Emotional abuse causes so much damage to a person. It breaks you, and literally changes how your brain works. It completely alters how you experience the world, in ways people who have not experienced it will never fully comprehend. Emotional abuse makes you believe that staying and being shattered by a person every day is somehow better than leaving, somehow more real, somehow what you deserve. You believe that somehow, it’s love.

This isn’t love. It’s abuse.

You don’t deserve this, because no one does.

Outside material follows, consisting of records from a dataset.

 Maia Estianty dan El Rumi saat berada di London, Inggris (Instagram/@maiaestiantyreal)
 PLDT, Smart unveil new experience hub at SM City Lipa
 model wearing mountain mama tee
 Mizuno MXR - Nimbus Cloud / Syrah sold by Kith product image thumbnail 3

Because I know how adept a person can become at defending what their abuser does to them, let us for one moment take you out of the equation. Imagine that this was someone else’s husband, and look at this man on his own merits. This is a man who pursued a teenager when he was in his mid-20s, made her feel insecure, cheated on her, wielded his money and power over her like a weapon. Any time she asked for basic loyalty or respect, he gaslit her, threatened to leave her. He taught her that she had no right to her feelings, her experience of the world, to any say in their relationship. He doesn’t care about her, or their relationship.

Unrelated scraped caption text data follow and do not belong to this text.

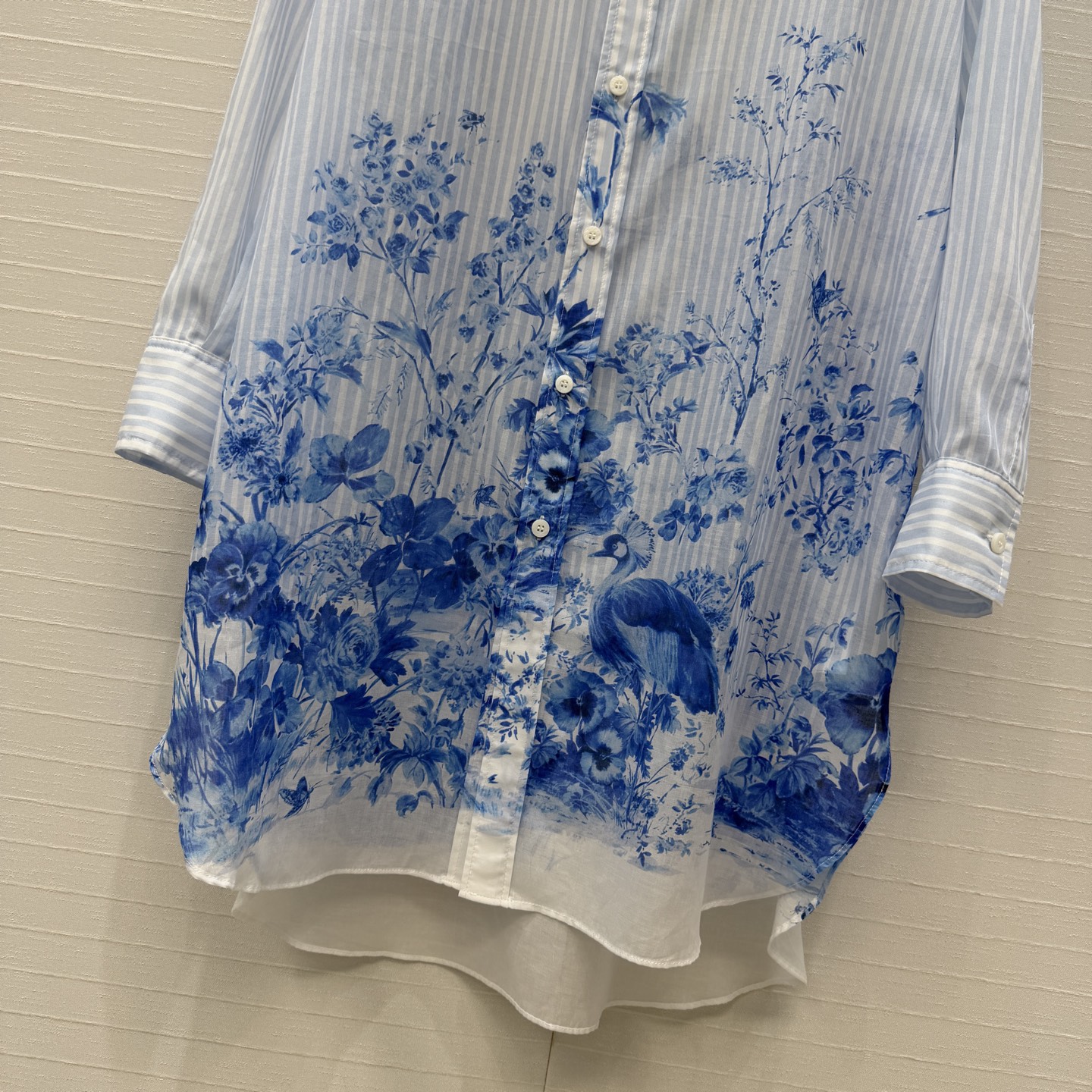 高端品质❤️Dio*26早春新品iviera系列 蓝色花卉条纹长款衬衫！重新诠释 Dior 经典图案。定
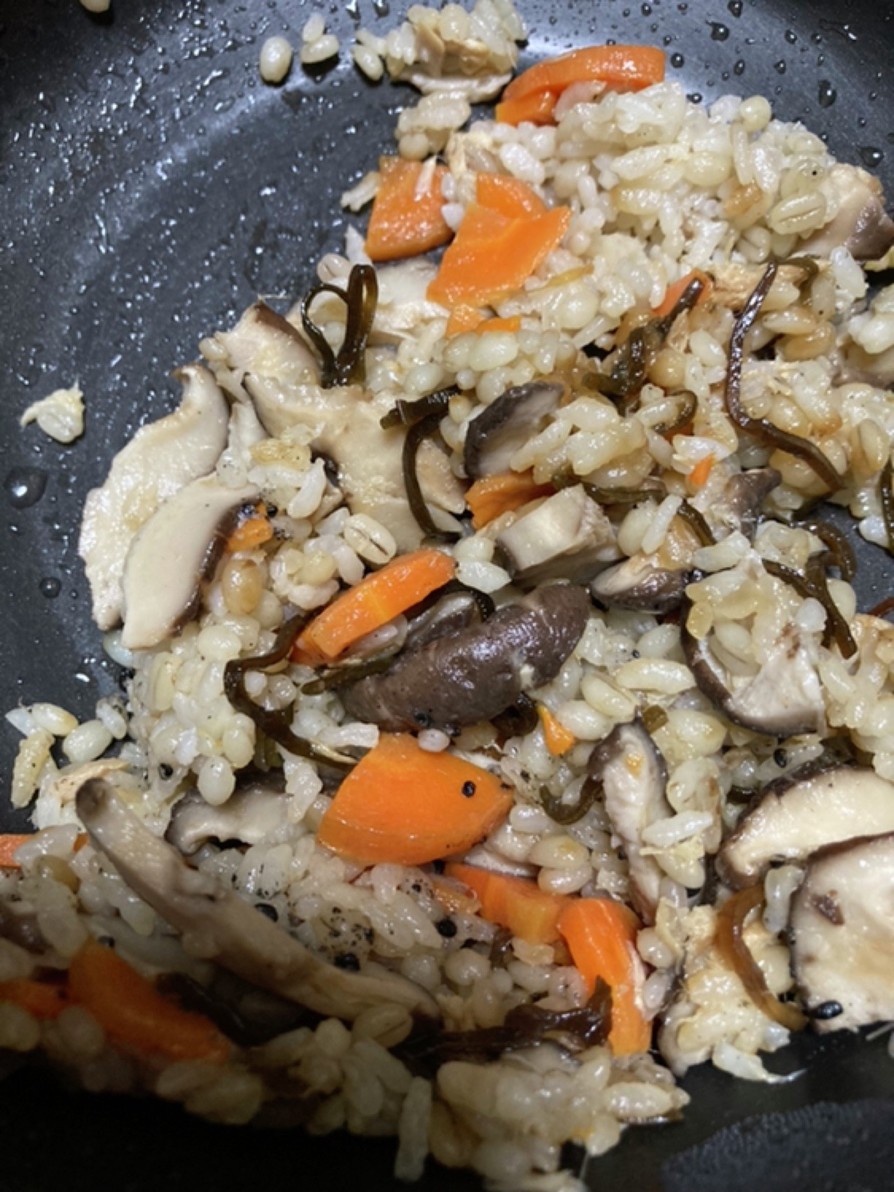 椎茸とにんじんとツナの混ぜご飯の画像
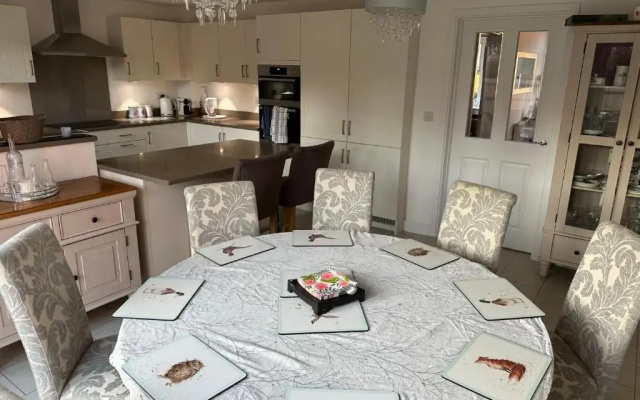 Stunning 4BD Family Getaway Westbury Wiltshire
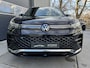 Volkswagen Tiguan 1.5 eHybrid 204pk R-Line Business Assistentie pakket 20" Leeds velgen Winterpakket SOH 99,11%
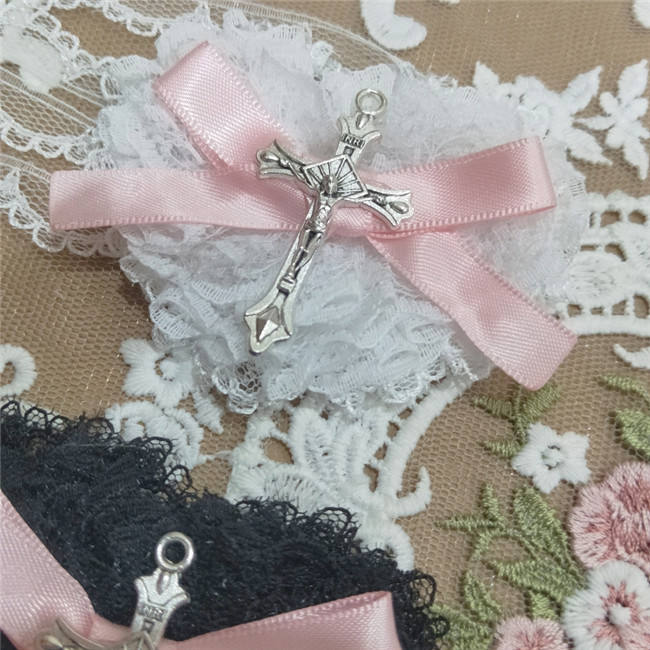 Moji Lace Cross Gothic Eyepatch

This is a man who will flirt with women his wife knows, will have an affair with his best friend’s wife, because he does not care about other people’s relationships, his own friends, loyalty, respect, anyone else.

This is a man who contemplated an affair three weeks after his wife has a miscarriage, makes her doubt her completely accurate perception of the world when her world is already crumbling around her. He does not care about empathy, emotion, grief, the miscarriage of his baby.

This is a man who cheats and lies, but also goes through his wife’s phone bills and puts recording devices in his wife’s car. This is a man who continues to lie and cheat, but continues to hold his wife’s one grasping reach towards empathy over her, punish her for it. He does not care about fidelity, trust, accountability, equality. He does not care about causing her pain. He does not care if he breaks up his family. He does not care enough to change.

These are the choices your husband has made. This is who he is. You are not the problem, were never the problem. You deserve love and respect and safety. And it exists. That relief you felt when the other man listened to you; the tenderness and empathy he offered you? You can have that in a faithful relationship. That can be your life. That can be the type of love your children see and normalise and try to emulate later in life.

Get a lawyer, get somewhere safe to go, get friends and family to help you leave – and leave.

I know how impossible it feels to leave. But it will be one of the hardest things you will ever do, and the single most important. Believe me when I say you deserve more, that your life can be different, that it can be beautiful. Go.